Sicily: Candy Sharing Game

题目：

Description

A number of students sit in a circle facing their teacher in the center. Each student initially has an even number of pieces of candy. When the teacher blows a whistle, each student simultaneously gives half of his or her candy to the neighbor on the right.
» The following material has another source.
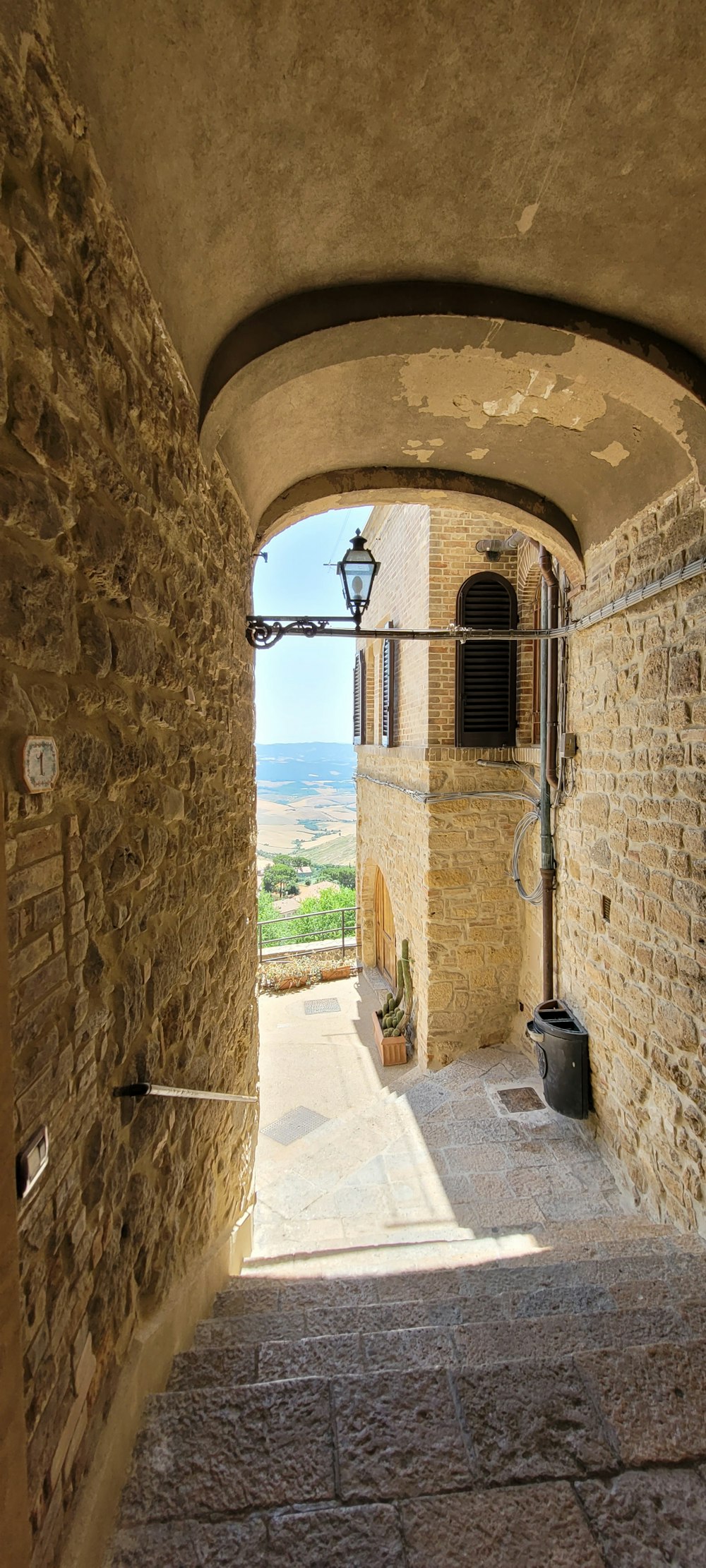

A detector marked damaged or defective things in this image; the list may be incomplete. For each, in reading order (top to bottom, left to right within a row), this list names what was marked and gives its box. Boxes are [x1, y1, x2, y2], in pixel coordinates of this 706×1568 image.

peeling plaster patch [514, 202, 537, 231]
peeling plaster patch [587, 442, 630, 464]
Any student, who ends up with an odd number of pieces of candy, is given another piece by the teacher. The game ends when all students have the same number of pieces of candy.

Write a program which determines the number of times the teacher blows the whistle and the final number of pieces of candy for each student from the amount of candy each child starts with.

Input

The input may describe more than one game. For each game, the input begins with the number N of students, followed by N (even) candy counts for the children counter-clockwise around the circle. The input ends with a student count of 0. Each input number is on a line by itself.

Output

For each game, output the number of rounds of the game followed by the amount of candy each child ends up with, both on one line.

Sample Input

6
36
2
2
2
2
2
11
22
20
18
16
14
12
10
8
6
4
2
4
2
4
6
8
0

Sample Output

15 14
17 22
4 8


Notes:
The game ends in a finite number of steps because:
1. The maximum candy count can never increase.
2. The minimum candy count can never decrease.
3. No one with more than the minimum amount will ever decrease to the minimum.
4. If the maximum and minimum candy count are not the same, at least one student with the m

程序实现：

#include <iostream>
using namespace std;

struct Node {
  // members
  int value, add; // value is the current num, add is the adding num
  Node *prev;
  // constructor
  Node();
  Node(int value_, Node *add_on = NULL);
};

Node::Node() {
  value = 0;
  add = 0;
  prev = NULL;
}

Node::Node(int value_, Node *add_on) {
  value = value_;
  prev = add_on;
}

bool same_num(Node *front, int n) {
  //cout << "Check candy num" << endl;
  Node* stu = front;
  for (int i = 0; i < n; i++) {
    if (stu->value != front->value) {
      return false;
    }
    stu = stu->prev;
  }
  return true;
}

int main () {
  int n, candy; // n is the num of stu, candy is the num each stu has
  Node *prev_stu, *front_stu, *new_stu;
  // prev_stu:the prev stu, front:front stu, new_stu: currently adding stu
  int count;
  while (cin >> n && n) {
    prev_stu = NULL;
    count = 0;
    // initialize the game
    for (int i = 0; i < n; i++) {
      cin >> candy;
      new_stu = new Node(candy, prev_stu);
      if (!i) { // the first stu
        front_stu = new_stu;
      }
      prev_stu = new_stu;

    }
    front_stu->prev = new_stu;
    //cout << "Adding stu completed" << endl;

    // start the game
    while (!same_num(front_stu, n)) {
      new_stu = front_stu;
      count++;
      for (int i = 0; i < n; i++) {
        new_stu->prev->add = (new_stu->value) / 2; // give prev stu half
        new_stu->value /= 2; // delete candy num;
        new_stu = new_stu->prev;
      }
      //cout << "Round: " << count << " giving completed" << endl;
      new_stu = front_stu;
      for (int i = 0; i < n; i++) {
        new_stu->value += new_stu->add; // renew candy num, add extra
        new_stu->add = 0;
        if (new_stu->value % 2) {
          new_stu->value++;
        }
        new_stu = new_stu->prev;
      }
      //cout << "Round: " << count << " renew completed" << endl;
    }

    cout << count << " " << front_stu->value << endl;
  }

  return 0;
}

解题感想：

因为是最近学到的链表内容相关，因此写博客文章来做学习记录。